Time Period3 Months [change]
DirectionMoves Against 
StrengthVery Weak
Accuracy98.46%
ValuesDaily Returns

Iron Road Limited  vs.  NiSource

 Performance 
       Timeline  
Iron Road Limited 

Risk-Adjusted Performance

0 of 100

 
Weak
 
Strong
Very Weak
Over the last 90 days Iron Road Limited has generated negative risk-adjusted returns adding no value to investors with long positions. Despite nearly stable basic indicators, Iron Road is not utilizing all of its potentials. The current stock price disturbance, may contribute to mid-run losses for the stockholders.
NiSource 

Risk-Adjusted Performance

16 of 100

 
Weak
 
Strong
Solid
Compared to the overall equity markets, risk-adjusted returns on investments in NiSource are ranked lower than 16 (%) of all global equities and portfolios over the last 90 days. Despite nearly fragile basic indicators, NiSource reported solid returns over the last few months and may actually be approaching a breakup point.

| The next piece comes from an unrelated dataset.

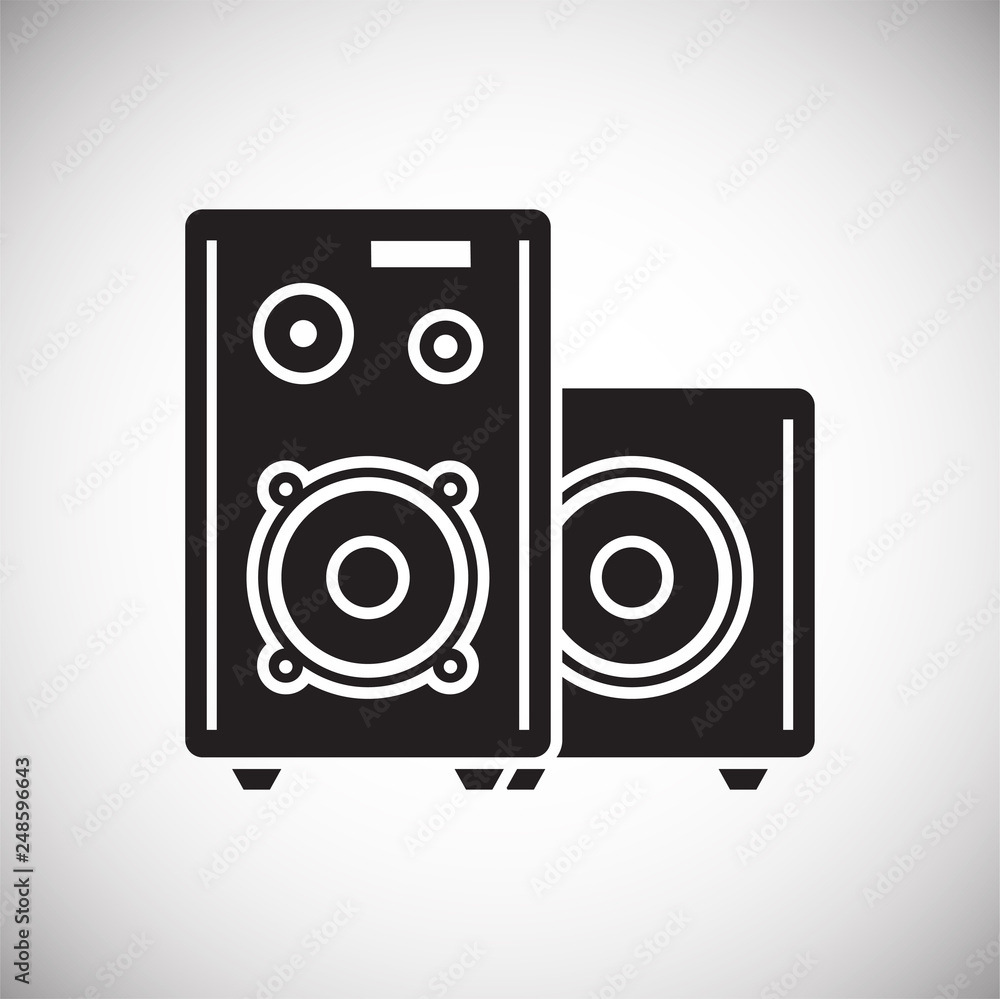 Poster speakers icon on white background for graphic and web design, modern simple vector sign. internet co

Iron Road and NiSource Volatility Contrast

   Predicted Return Density   
       Returns  

Pair Trading with Iron Road and NiSource

The main advantage of trading using opposite Iron Road and NiSource positions is that it hedges away some unsystematic risk. Because of two separate transactions, even if Iron Road position performs unexpectedly, NiSource can make up some of the losses. Pair trading also minimizes risk from directional movements in the market. For example, if an entire industry or sector drops because of unexpected headlines, the short position in NiSource will offset losses from the drop in NiSource's long position.
The idea behind Iron Road Limited and NiSource pairs trading is to make the combined position market-neutral, meaning the overall market's direction will not affect its win or loss (or potential downside or upside). This can be achieved by designing a pairs trade with two highly correlated stocks or equities that operate in a similar space or sector, making it possible to obtain profits through simple and relatively low-risk investment.
Check out your portfolio center.
Note that this page's information should be used as a complementary analysis to find the right mix of equity instruments to add to your existing portfolios or create a brand new portfolio. You can also try the Analyst Advice module to analyst recommendations and target price estimates broken down by several categories.